AVAILABLE DATA Start Marker

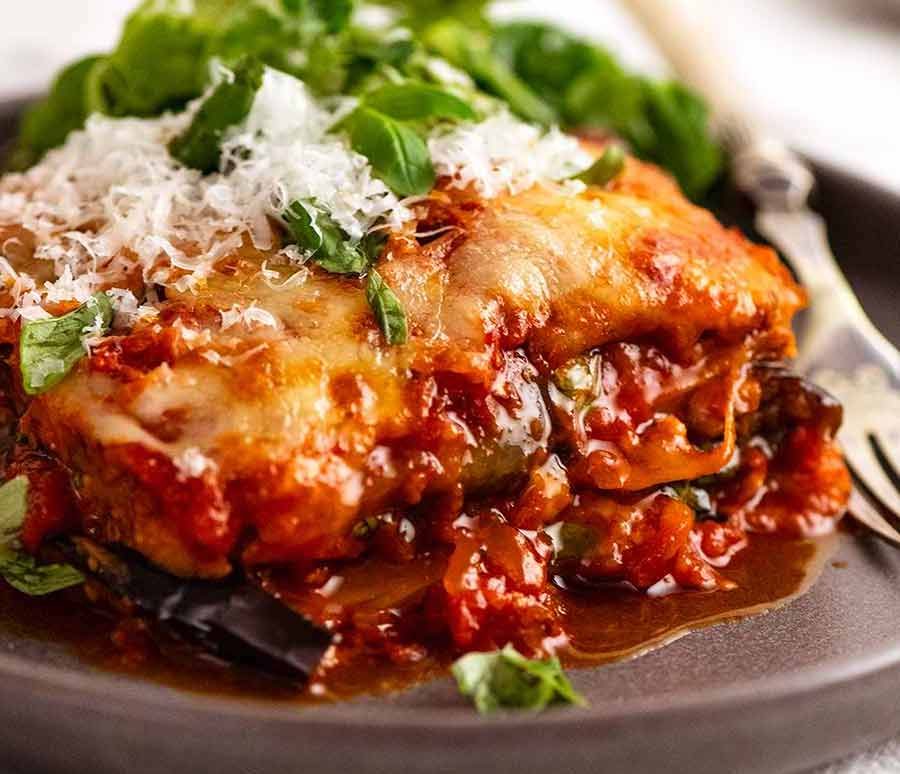 Close up photo of a slice of Eggplant Parmigiana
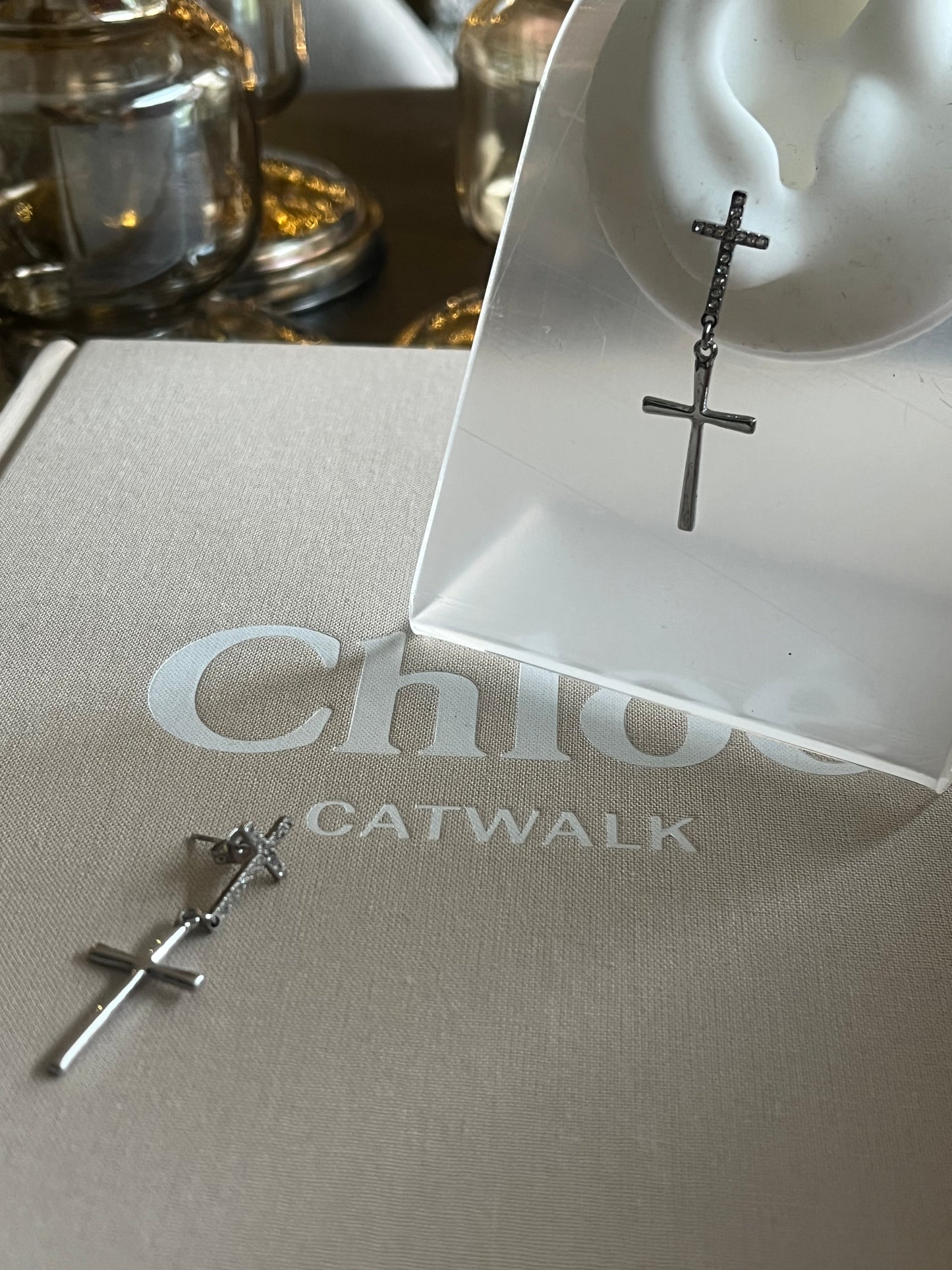 Boucles d'oreilles Double Croix | Argent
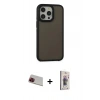 MARSİLYAN™- iPhone 13 Pro Max Kılıf Eksen Işık - Siyah Bilvis 3D Cam Ekran Koruyucu + Rainbow Kamera Lens Koruma Cam - KI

AVAILABLE DATA End Marker

ABOUT THIS EXERCISE: Transcribe the data exactly and leave no picture in the copy.

ANSWER TO THIS PROBLEM:
 Close up photo of a slice of Eggplant Parmigiana
 Boucles d'oreilles Double Croix | Argent
 MARSİLYAN™- iPhone 13 Pro Max Kılıf Eksen Işık - Siyah Bilvis 3D Cam Ekran Koruyucu + Rainbow Kamera Lens Koruma Cam - KI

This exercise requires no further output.